** ASSIGNMENT **
Each line from the one bearing "Cabin In Forest" through the last line of the entries below should be returned exactly, with pictures left out.

-------

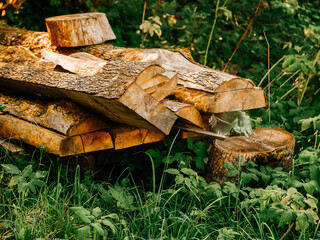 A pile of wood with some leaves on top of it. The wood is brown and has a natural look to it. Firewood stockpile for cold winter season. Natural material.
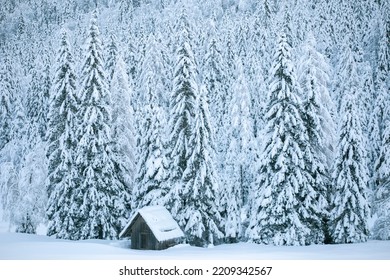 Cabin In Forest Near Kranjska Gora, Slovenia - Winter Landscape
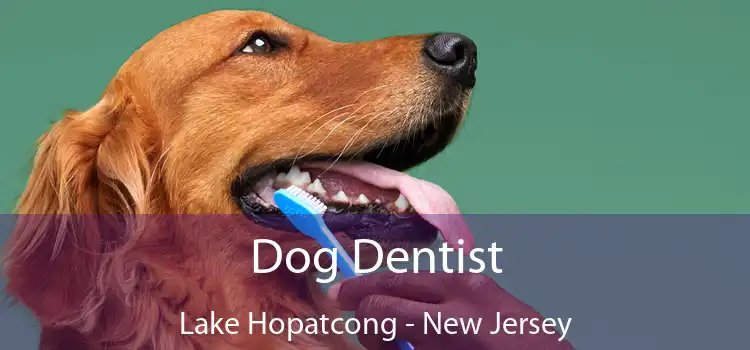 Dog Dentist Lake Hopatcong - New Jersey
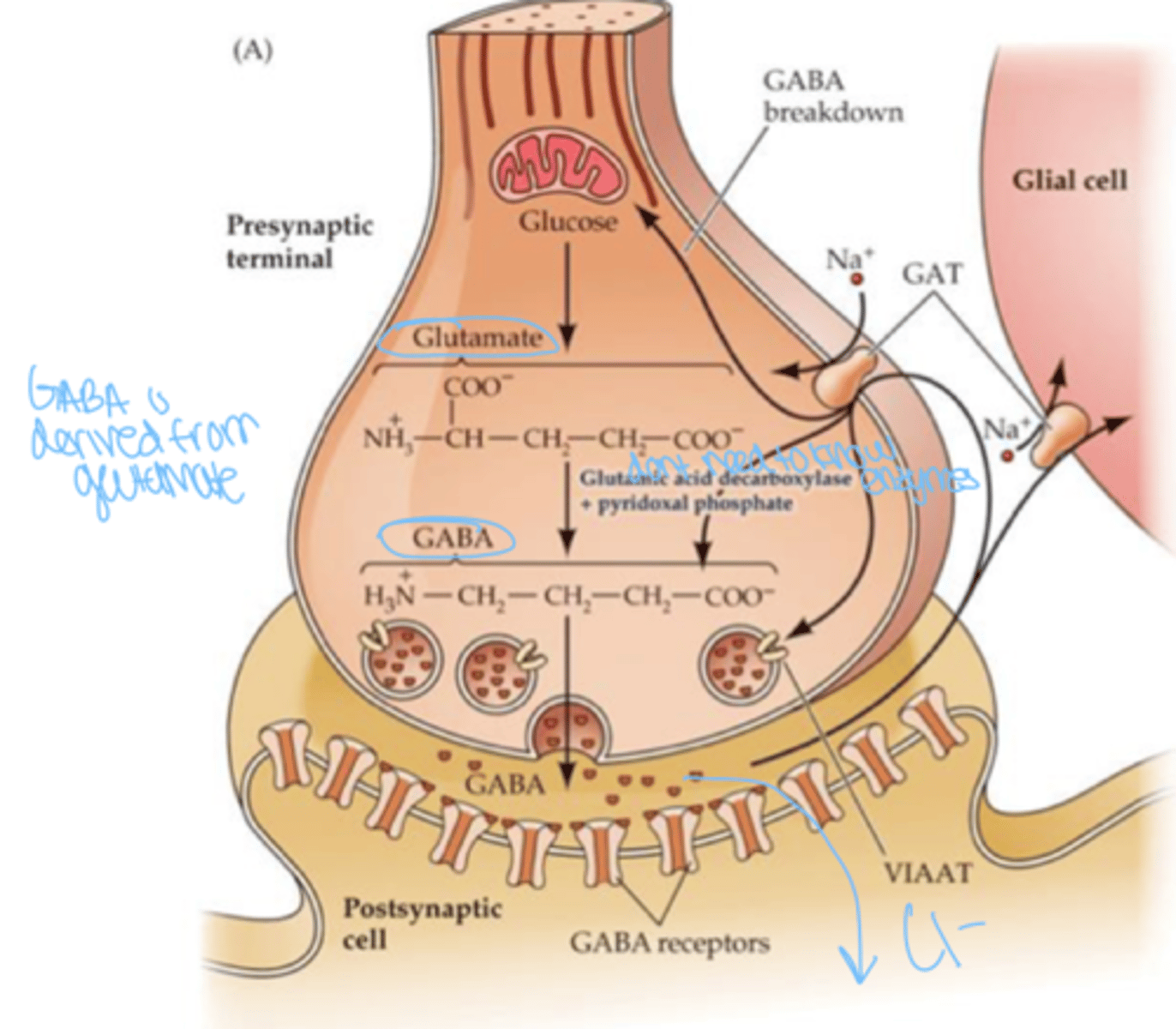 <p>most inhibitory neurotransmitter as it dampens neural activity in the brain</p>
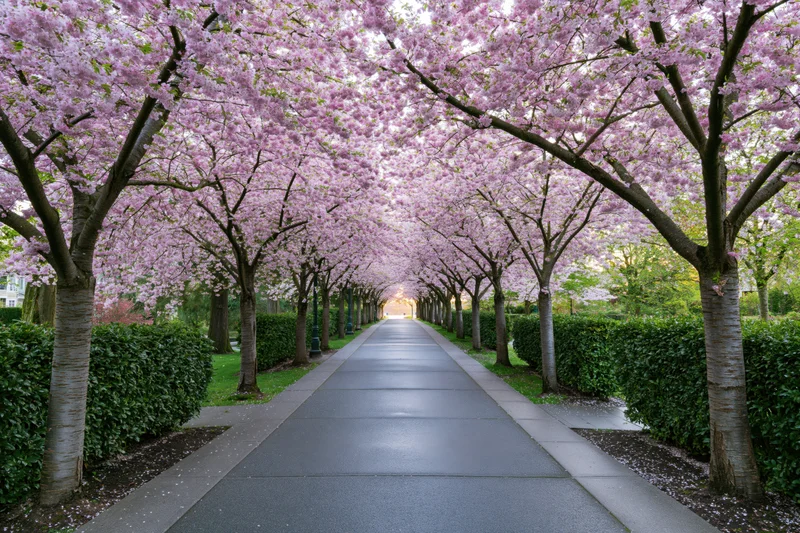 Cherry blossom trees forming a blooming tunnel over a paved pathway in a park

-------

** YOUR RESPONSE **
 Cabin In Forest Near Kranjska Gora, Slovenia - Winter Landscape
 Dog Dentist Lake Hopatcong - New Jersey
 <p>most inhibitory neurotransmitter as it dampens neural activity in the brain</p>
 Cherry blossom trees forming a blooming tunnel over a paved pathway in a park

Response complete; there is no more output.